In the proposed planning model (17), the outage cost is taken into account. To further investigate how the cost affects the planning of the offshore oilfield power system, we intentionally ignore the cost and solve the optimization problem again. The newly obtained result is shown in Fig. 5. The corresponding total and outage costs with and without outage cost considered are listed in Table 6. It is clear that the outage cost of the plan obtained by the proposed model (i.e., 0.13 billion/¥) is only 5% of that of the model without considering the outage cost (i.e., 2.38 billion/¥). Consequently, the total cost of the former is much smaller than the latter, indicating that if outage cost is explicitly taken into account, a much more cost-effective expansion plan could be obtained. By comparing Fig. 4 with Fig. 5, we can see that with the consideration of outage cost, there will be more new generators and cables to be constructed in order to satisfy the “N−1” security criterion or reduce loss caused by power outage. In contrast, if outage cost is ignored during the planning stage, the resulted system is much more vulnerable to power blackout. For instance, if the cable i at the upper-left corner in Fig. 5 is out of service (a typical “N−1” event), platform j at the top left corner will become an isolated subsystem. However, without any generators in it, it would suffer serious power blackout. Therefore, outage cost should be taken into account to plan a more reliable offshore oilfield power system.

Fig. 5
figure 5

Optimally planned offshore oilfield without the consideration of outage cost

Table 6 Costs of the planned system with/without the consideration of outage cost

5 Conclusion

In this paper, we propose an integrated generation-transmission expansion planning model to address the issue of updating offshore oilfield power systems for providing efficient and reliable electricity to offshore drilling platforms.
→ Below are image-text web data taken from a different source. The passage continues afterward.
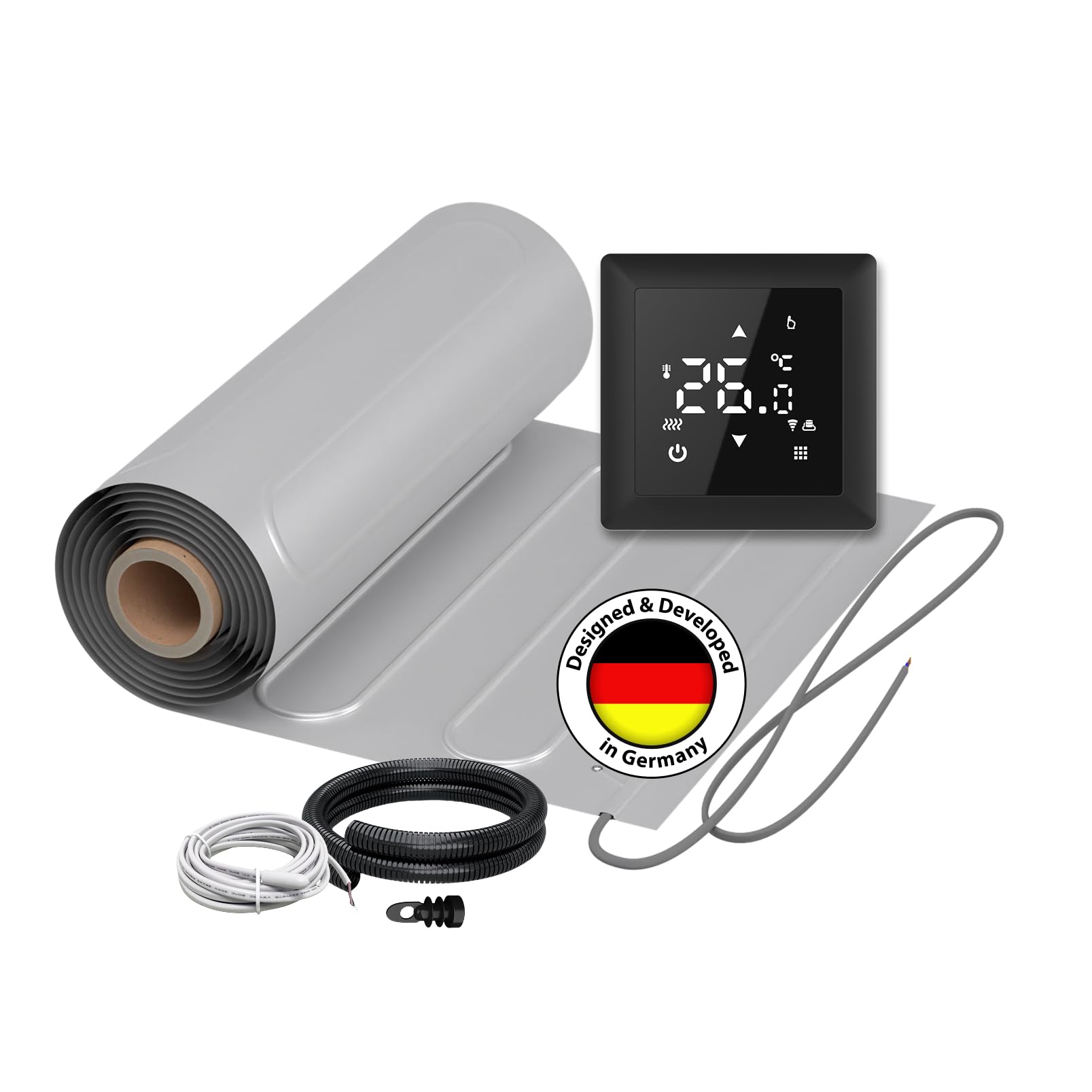 Chauffage au sol électrique pour stratifié : tapis chauffant en aluminium à deux fils WARMON ALU 150 W/m² pour sol flottant avec thermostat, thermostat :, taille du tapis : 5 m²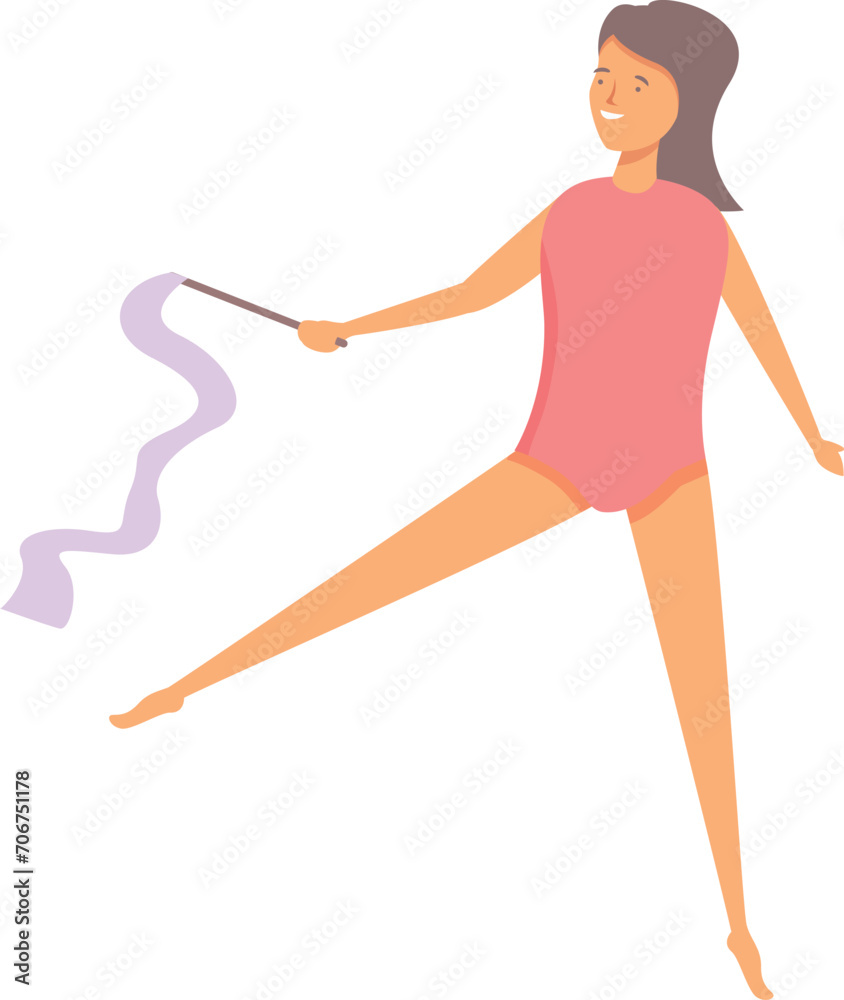Girl dance gymnastic icon cartoon vector. Sport healthy play. Gym teen Girl dance gymnastic icon cartoon vector. Sport healthy play. Gym teen
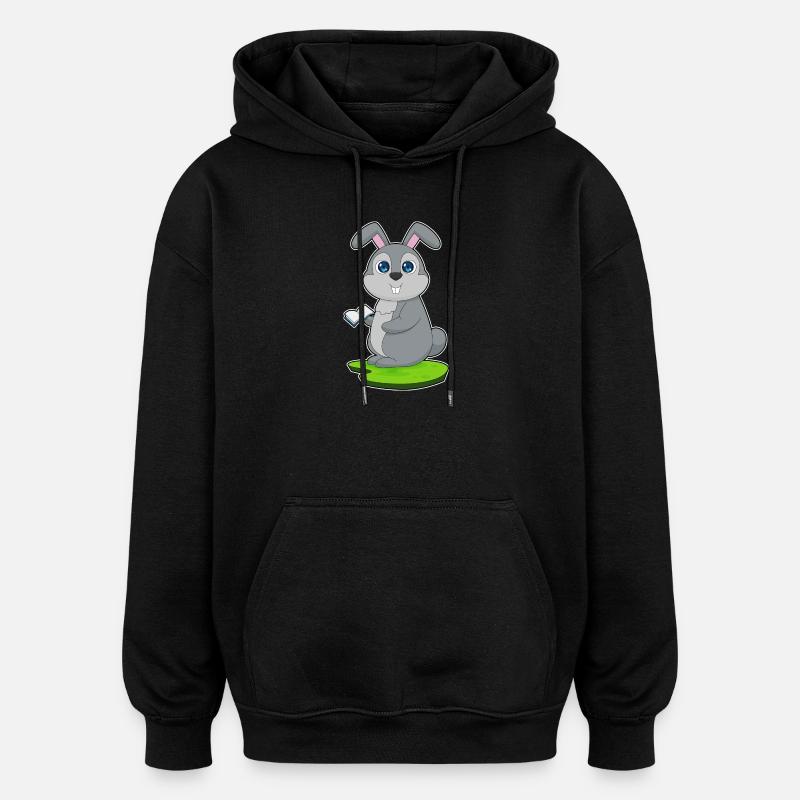 Hase Buch - Oversized Unisex Hoodie - Schwarz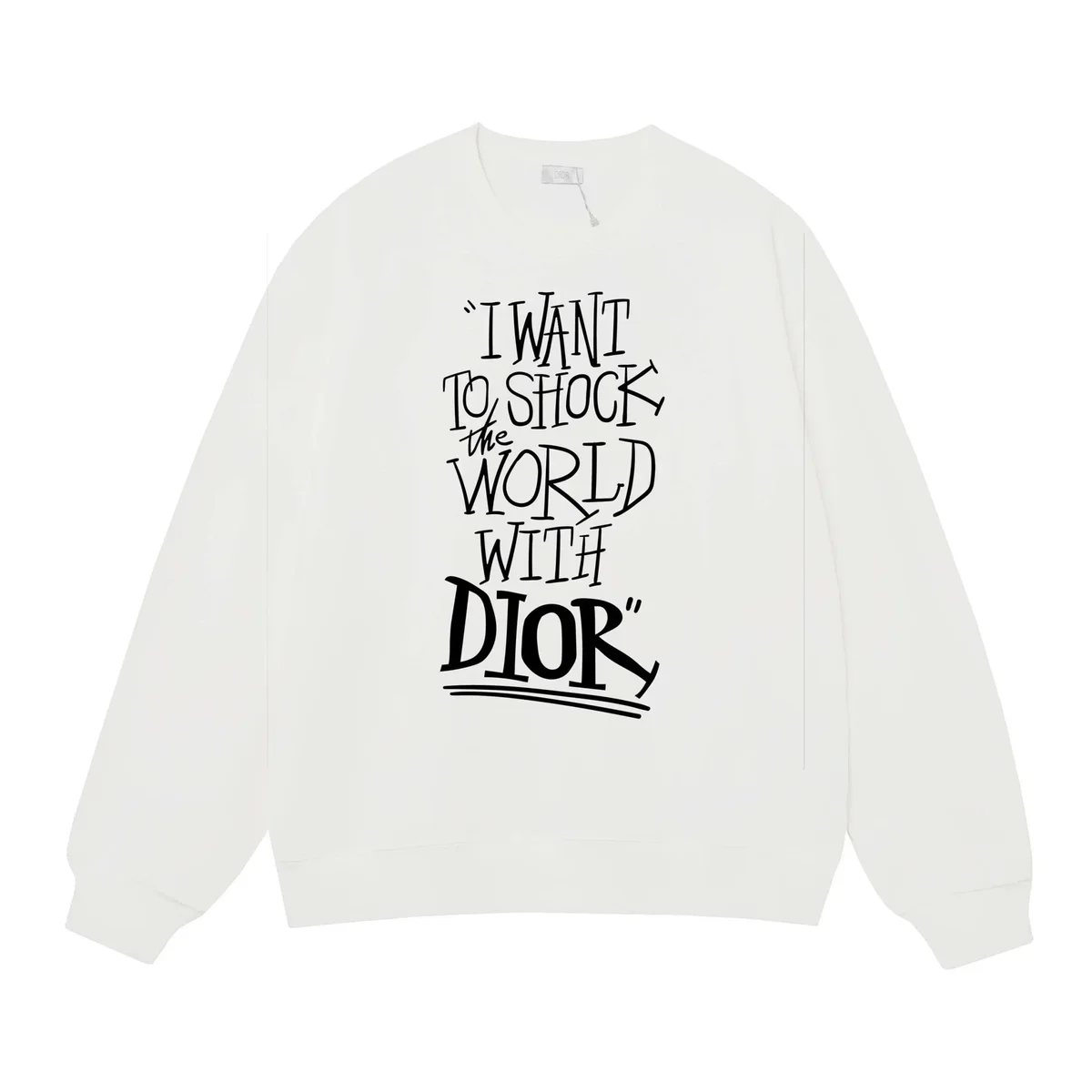Dior Dior White 'I Want to Shock the World' Sweatshirt White - 1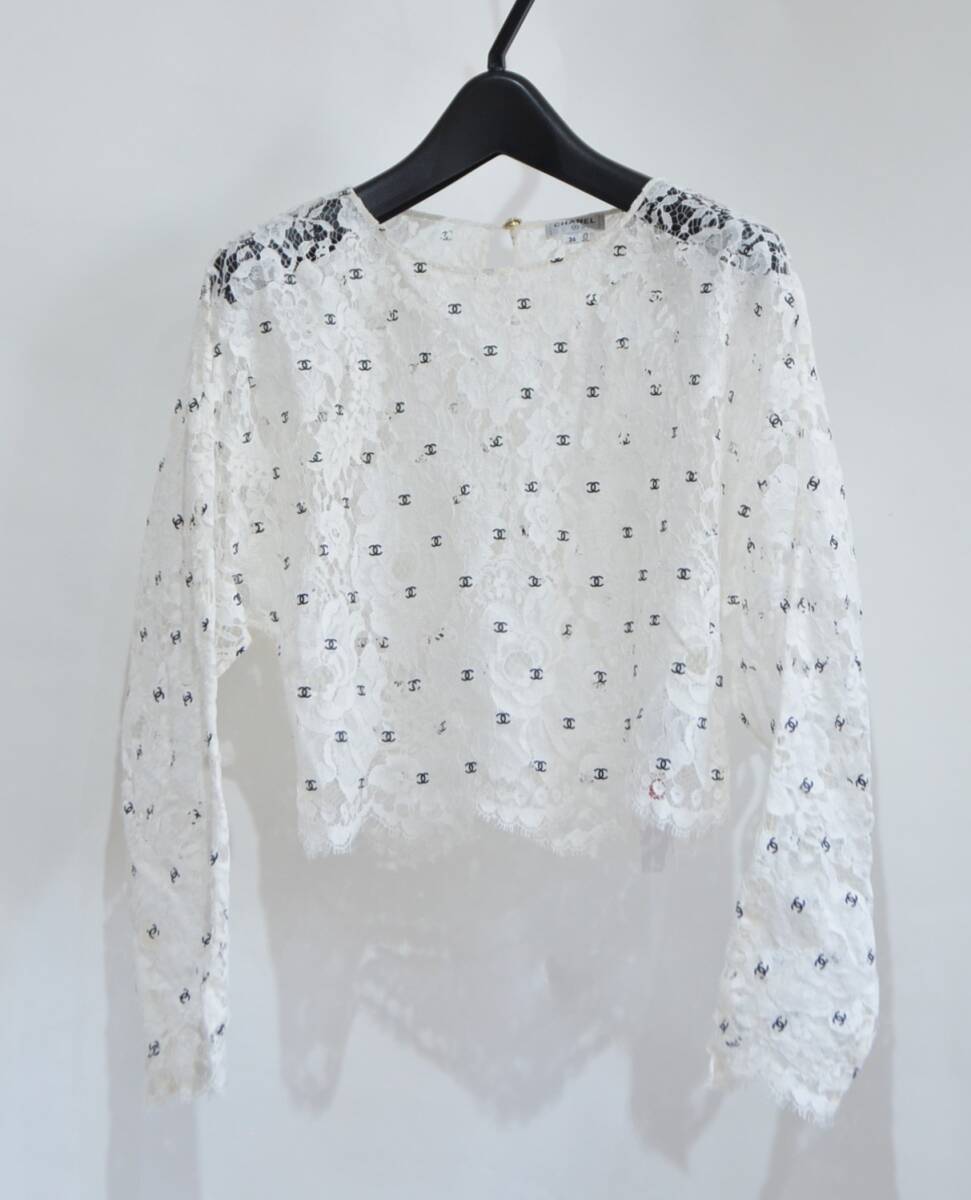 国内正規品 CHANEL シャネル ココプリント CC レース ブラウス 国内正規品 CHANEL シャネル ココプリント CC レース ブラウス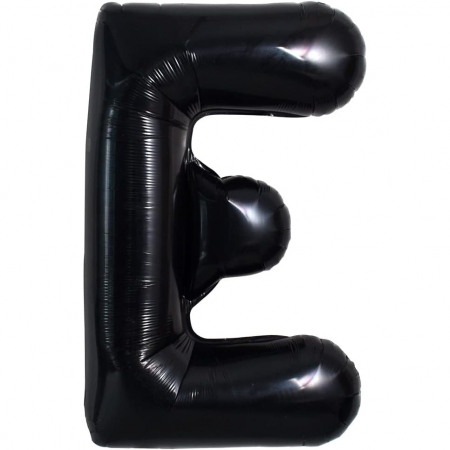 Articole petrecere - Balon Folie Metalizata Litera E, Flippy, 40 cm, Umflati cu Heliu sau Aer, Ambalaj Individual, Pai inclus, Negru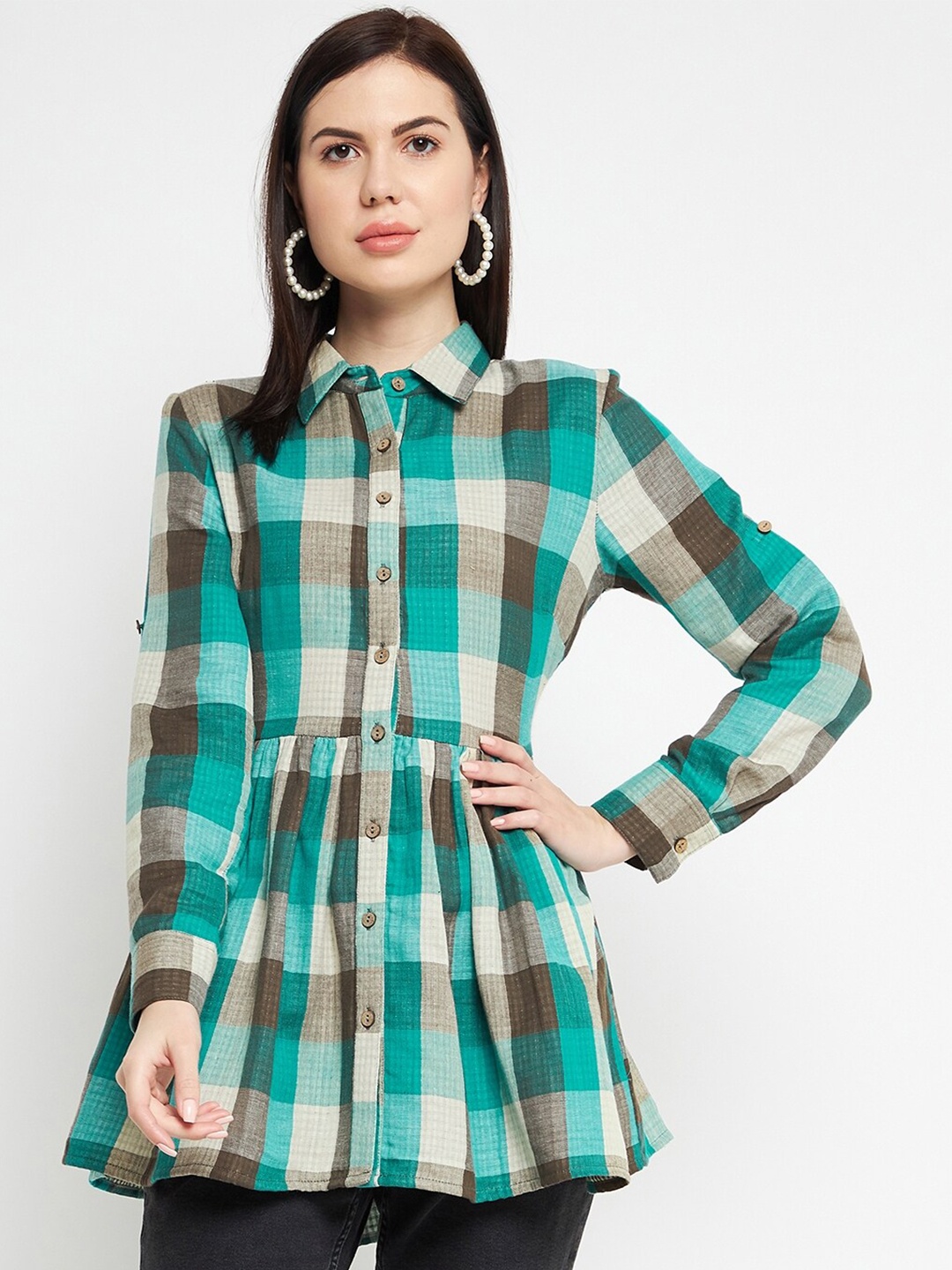 

Ruhaans Shirt Collar Checked Cotton Shirt Style Longline Top, Green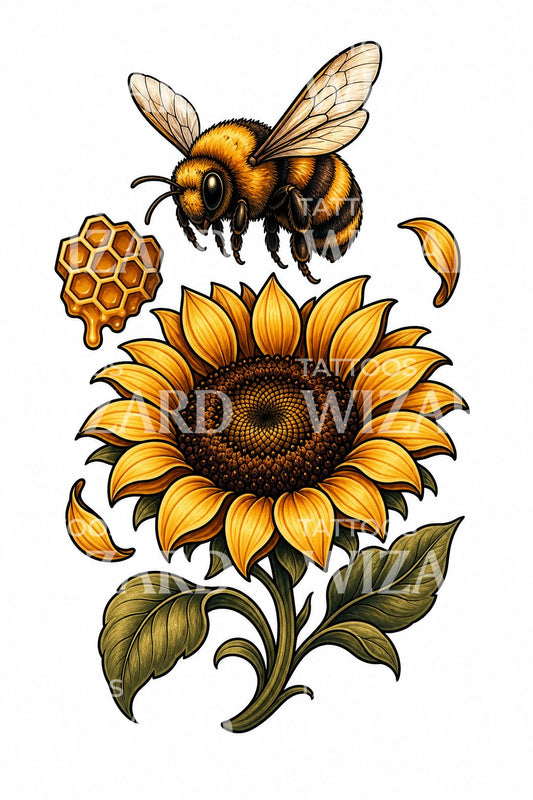Honeybee and Sunflower Tattoo Design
The integrated model inherently overcomes the disadvantages of planning generation and transmission separately. The simultaneous and optimal expansion planning is formulated into a mixed integer programming problem, which is difficult to solve due to its multiple variables and nonlinearity. Therefore we present an efficient solution based on GTHA, which combines the implicit parallel properties of GA and the powerful local searching ability of Tabu algorithm. The proposed model and optimization method are applied to an offshore power system based on the Bohai sea oilfield. The results of this case study show that the computation time of the proposed method is about one third of the previously reported method and GTHA converges much faster than GA and Tabu algorithm. By incorporating the outage cost explicitly in the proposed model, the reliability of the obtained system can be enhanced considerably and the total investment cost is reduced by about 40%.